The drop in unemployment means it is the first time since before the global financial crisis in the 1970s that Australia has sustained an unemployment rate at below five per cent.

The unemployment rate is forecast to fall even further to 4.5 per cent by mid-next year.

“Employment is at a record high, with 180,000 more people in work today than at the start of the pandemic,” Mr Frydenberg said.

“This result belongs to all Australians who have sacrificed so much over the last two years.

“It further confirms the Australian economy is rebounding strongly, having outperformed every major advanced economy throughout the COVID-19 pandemic.”

One million new jobs are expected to be created next year.

Mr Frydenberg said despite the blow of the Delta outbreak, which saw 13 million Australians subject to extended lockdowns, the country’s fiscal outlook was “stronger” than originally forecasted in May.

The Real Gross Domestic Product is expected to grow by 4.5 per cent in 2021 and by 4.25 per cent next year, reflecting the “strong” momentum of the economy.

Australia’s budget deficit for the year 2021-22 2 is forecast at $99.2 billion the Mid-Year Fiscal and Economic Outlook (MYEFO) revealed, which is $7.4 billion better than the prediction of $106.6 billion made in the May budget.

“Tax cuts for families are boosting household incomes, with household consumption set to increase at its fastest pace in more than two decades,” Mr Frydenberg said.

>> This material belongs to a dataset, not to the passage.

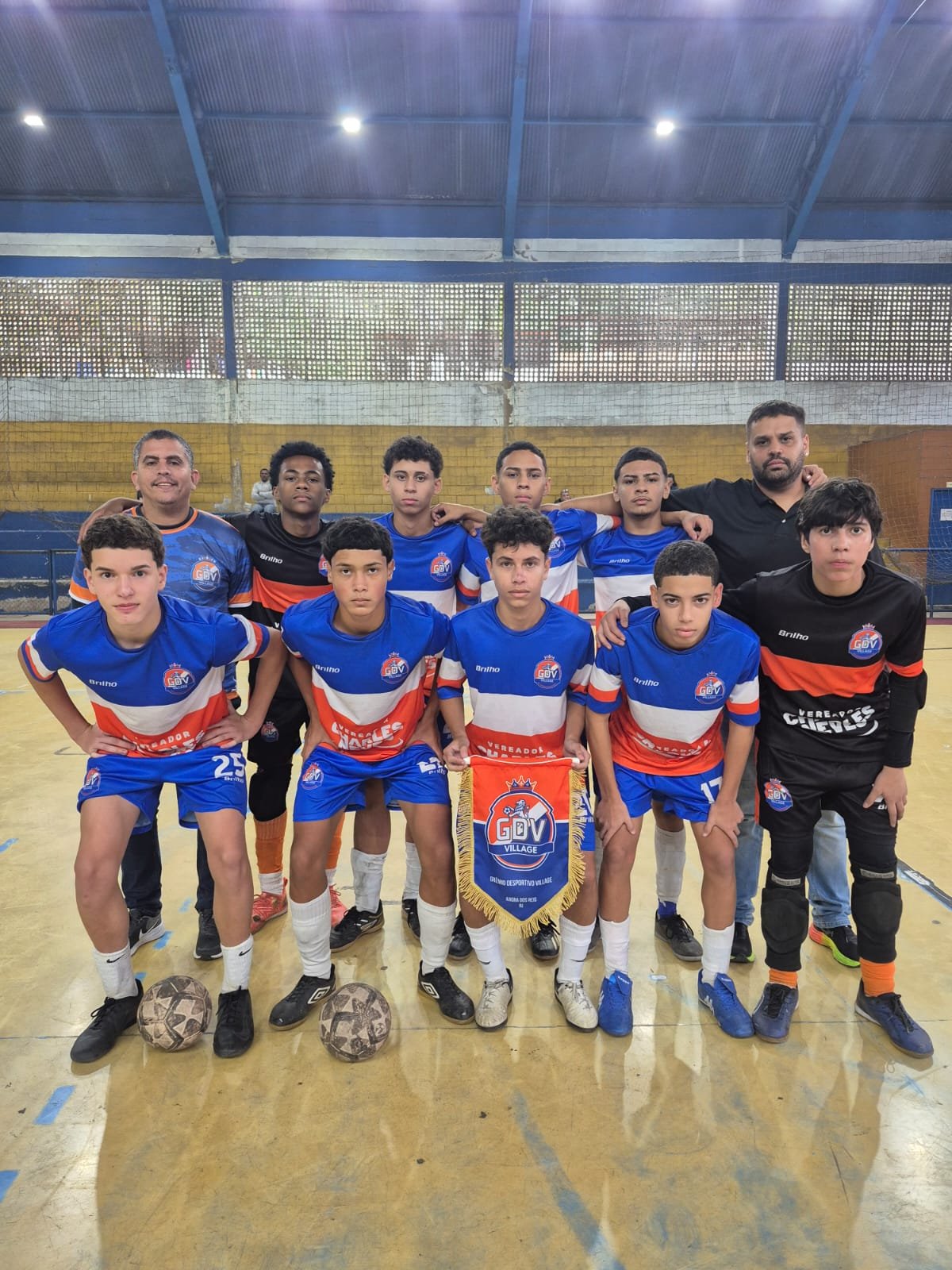 GDV garante classificação inédita nas semifinais da Copa Diarinho Sub-15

“Temporary tax incentives are driving the strongest increase in business investment since the mining boom, with non-mining investment forecast to reach record levels.”

Finance Minister Simon Birmingham said since handing down the budget in May, the country had faced “real disruptions” from COVID-19 and Delta-driven lockdowns, which had seen more than $24 billion in additional health and economic support provided to businesses, households and health systems.

“This support has been proven to not only be necessary but to be highly effective given the positive results it continues to demonstrate for our economy, for the jobs and security of all Australians,” he said.